- YOUR ASSIGNMENT -
Look below for the line containing "360 Degrees Panning". Write out that line and the rest through the last one, exactly as they appear, but without pictures.

(Captioned web image data)

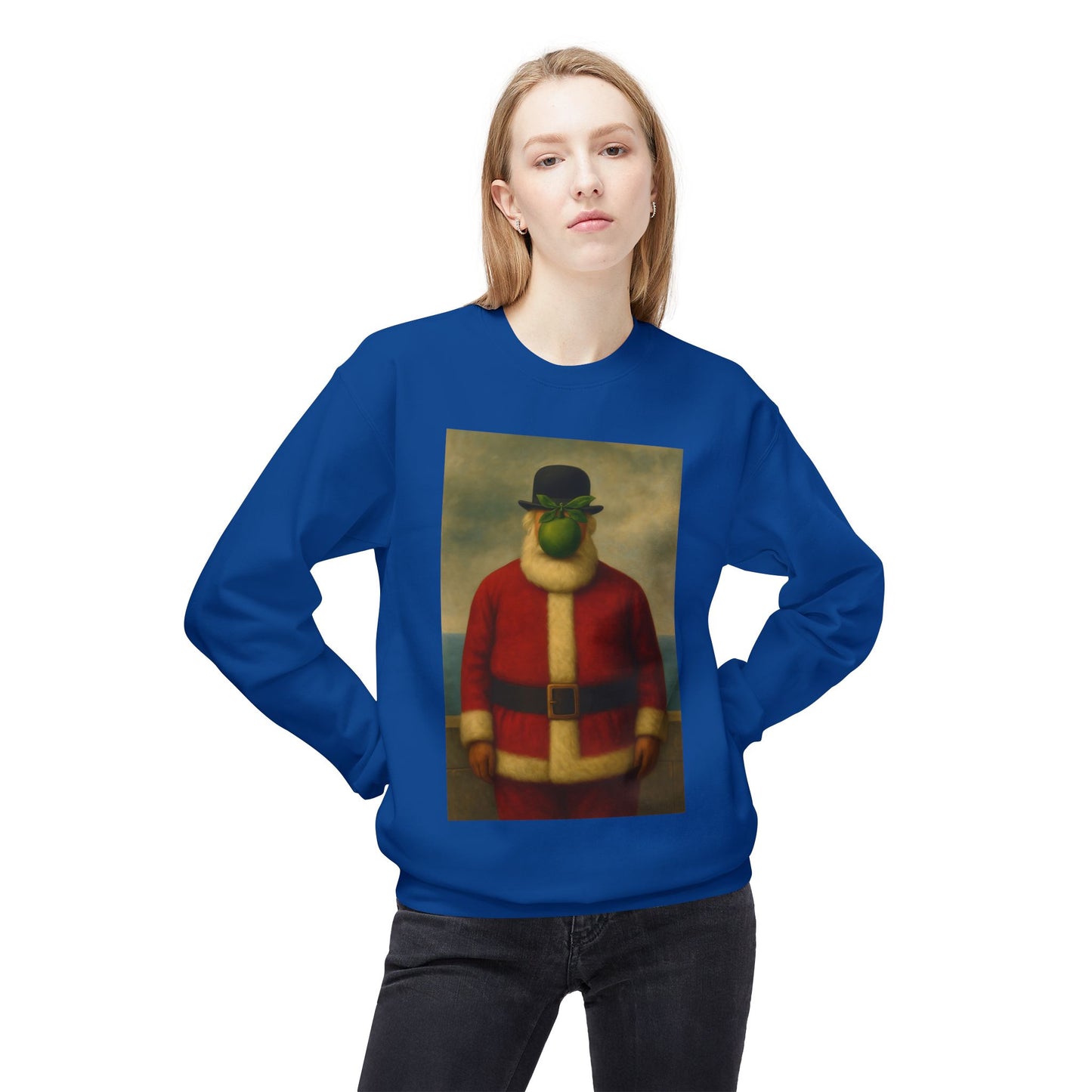 Surreal Pear Man Santa Sweatshirt | Holiday Art Hoodie-Style Crew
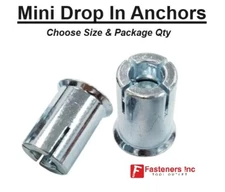 Mini Short Drop-In Concrete Expansion Anchor Zinc Plated 1/4-20  3/8-16  1/2-13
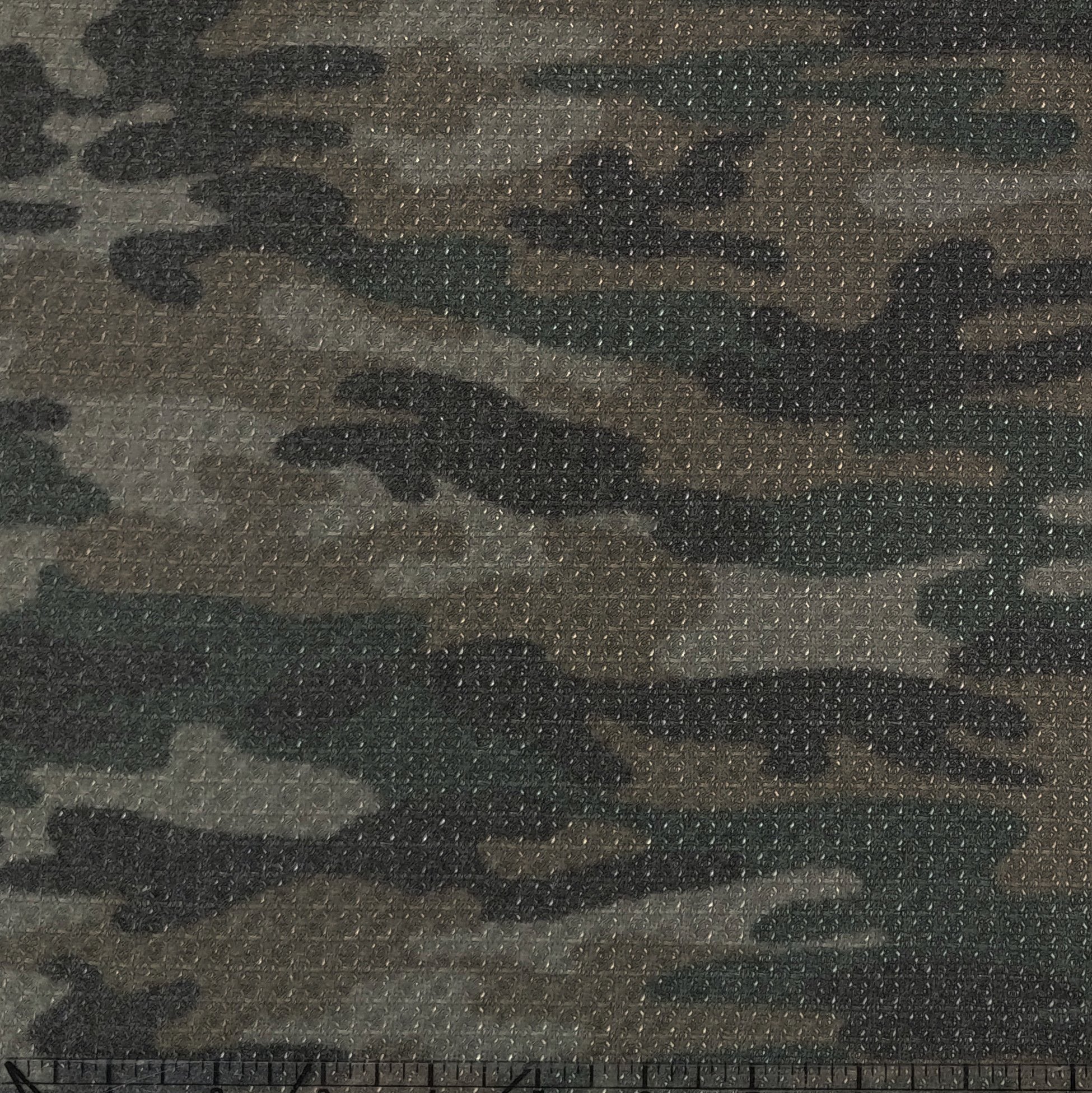 Hunter Green Brown and Charcoal Camouflage Waffle Knit Fabric Fabric, Raspberry Creek Fabrics, watermarked, restored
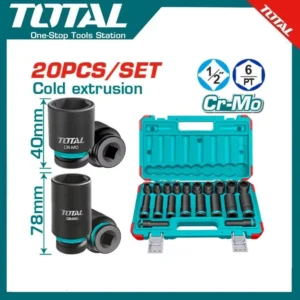 Total 20 Pcs 1/2"Dr. Impact Socket Set | THKISD12203L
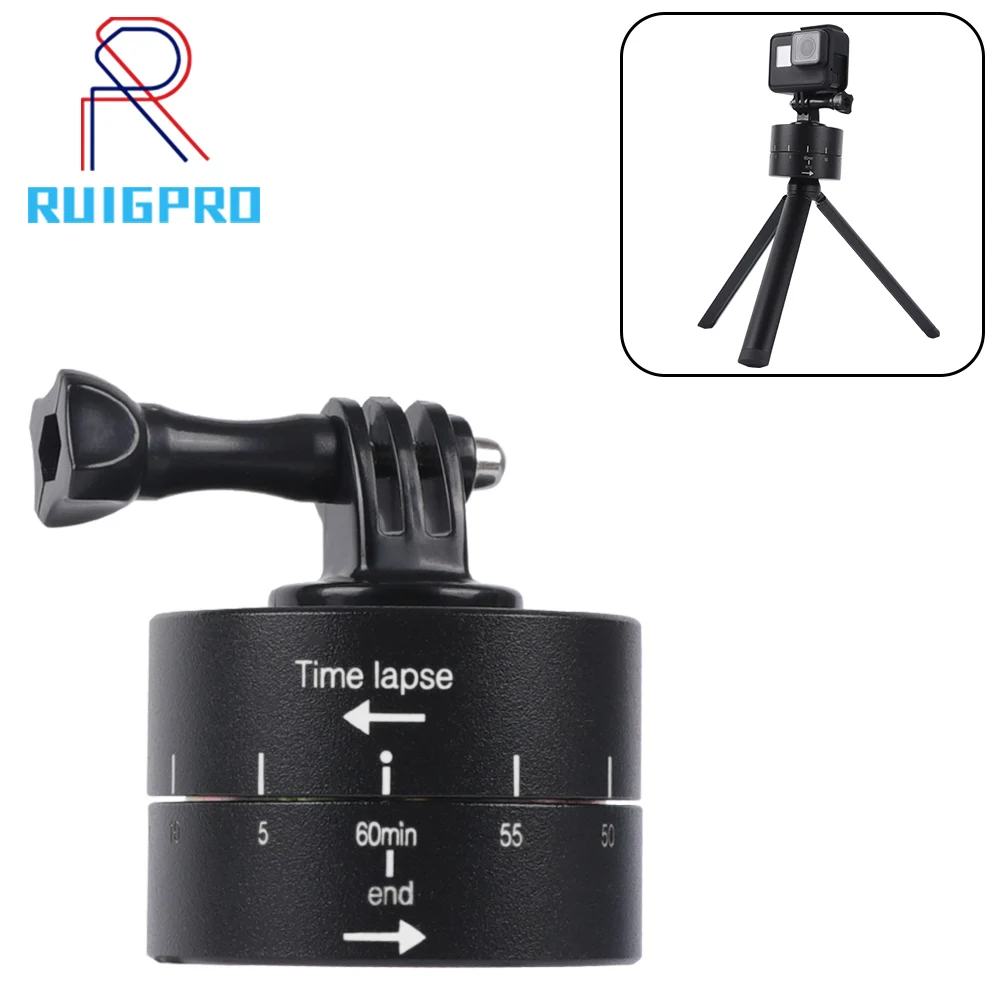 

360 Degrees Panning Rotating Time Lapse Photography for Iphone Mobile For GoPro Hero 7 6 5 4 xiaomi yi DJI Osmo Action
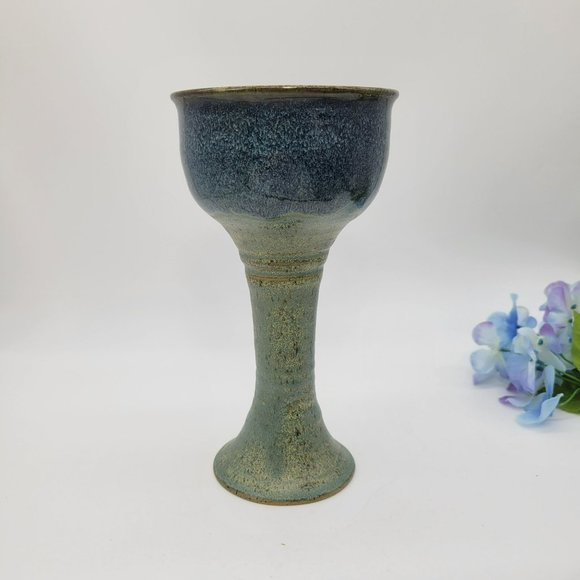 North Carolina Pottery Chalice or Candle Holder Sandra Baker Moore Blue Beige - Picture 2 of 10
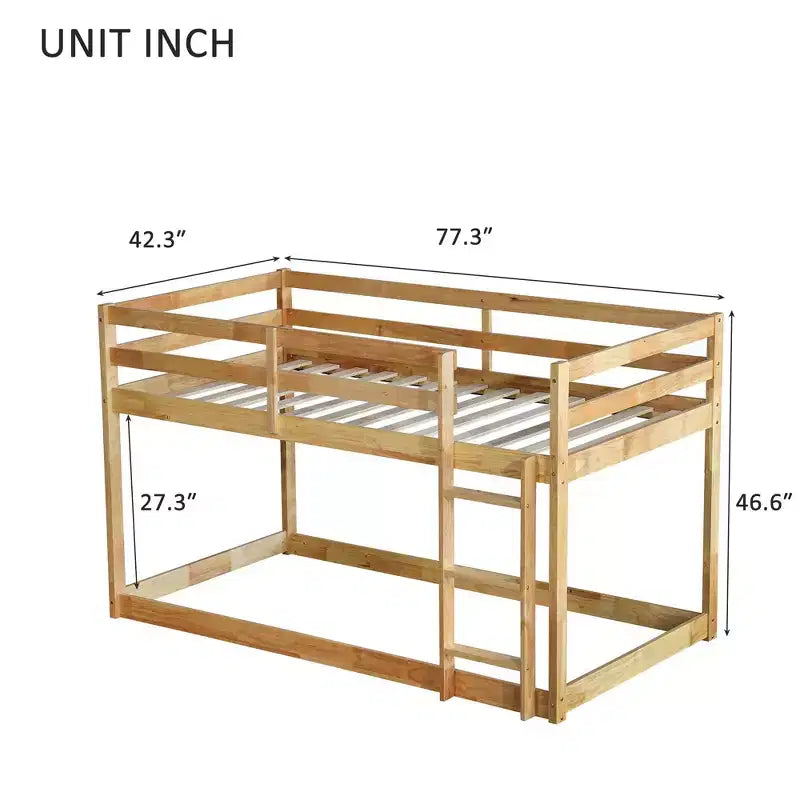 Lit superposé Okak Twin Over Twin au sol avec échelle et lattes renforcées, cadre de lit moderne en bois d'hévéa pour chambre d'enfants, chambre à coucher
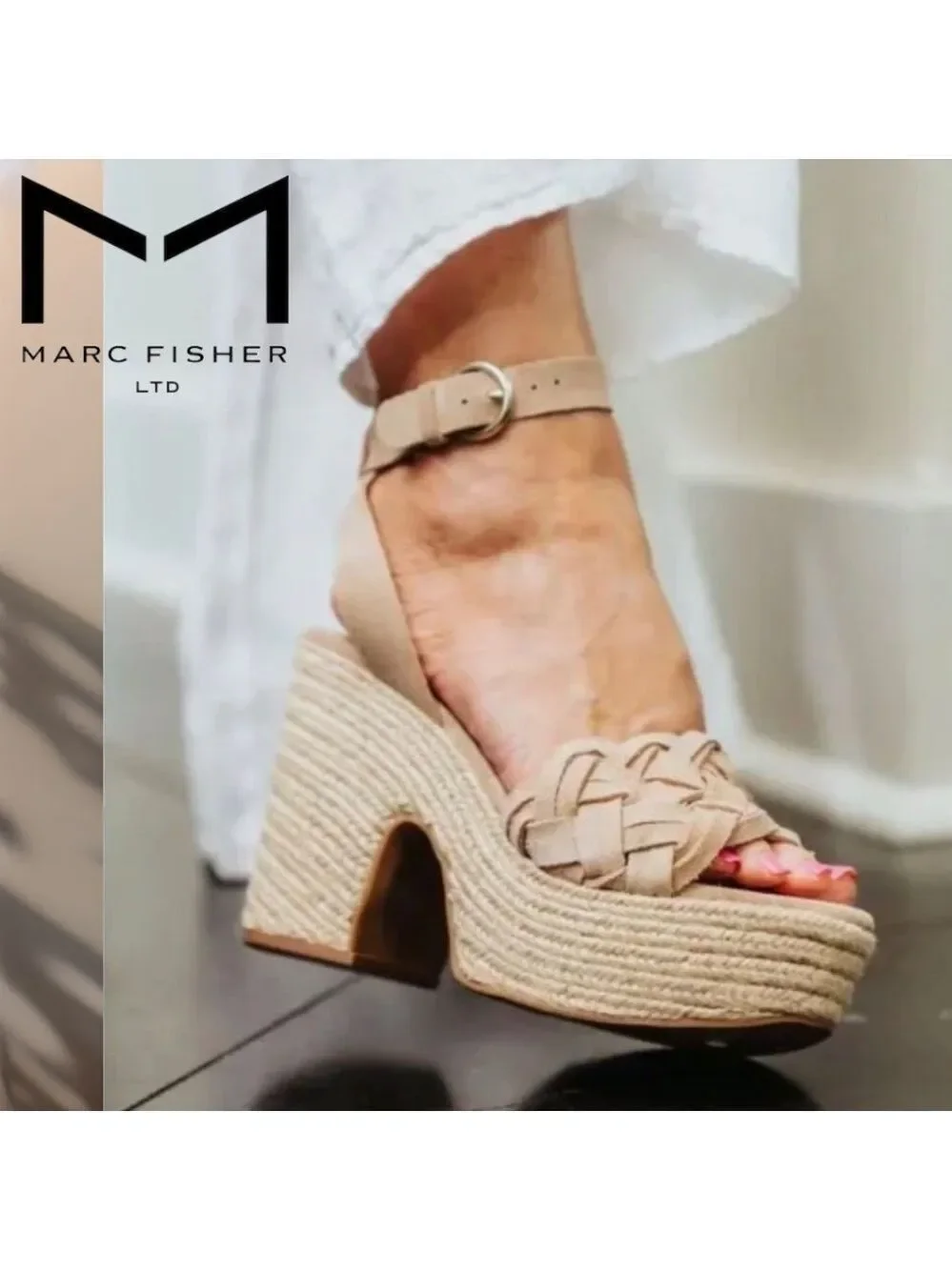 MARC FISHER Odilia Leather Upper Jute-Wrapped Platform Espadrille Wedge Sandals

- ANSWER SPACE -
360 Degrees Panning Rotating Time Lapse Photography for Iphone Mobile For GoPro Hero 7 6 5 4 xiaomi yi DJI Osmo Action
 North Carolina Pottery Chalice or Candle Holder Sandra Baker Moore Blue Beige - Picture 2 of 10
 Lit superposé Okak Twin Over Twin au sol avec échelle et lattes renforcées, cadre de lit moderne en bois d'hévéa pour chambre d'enfants, chambre à coucher
 MARC FISHER Odilia Leather Upper Jute-Wrapped Platform Espadrille Wedge Sandals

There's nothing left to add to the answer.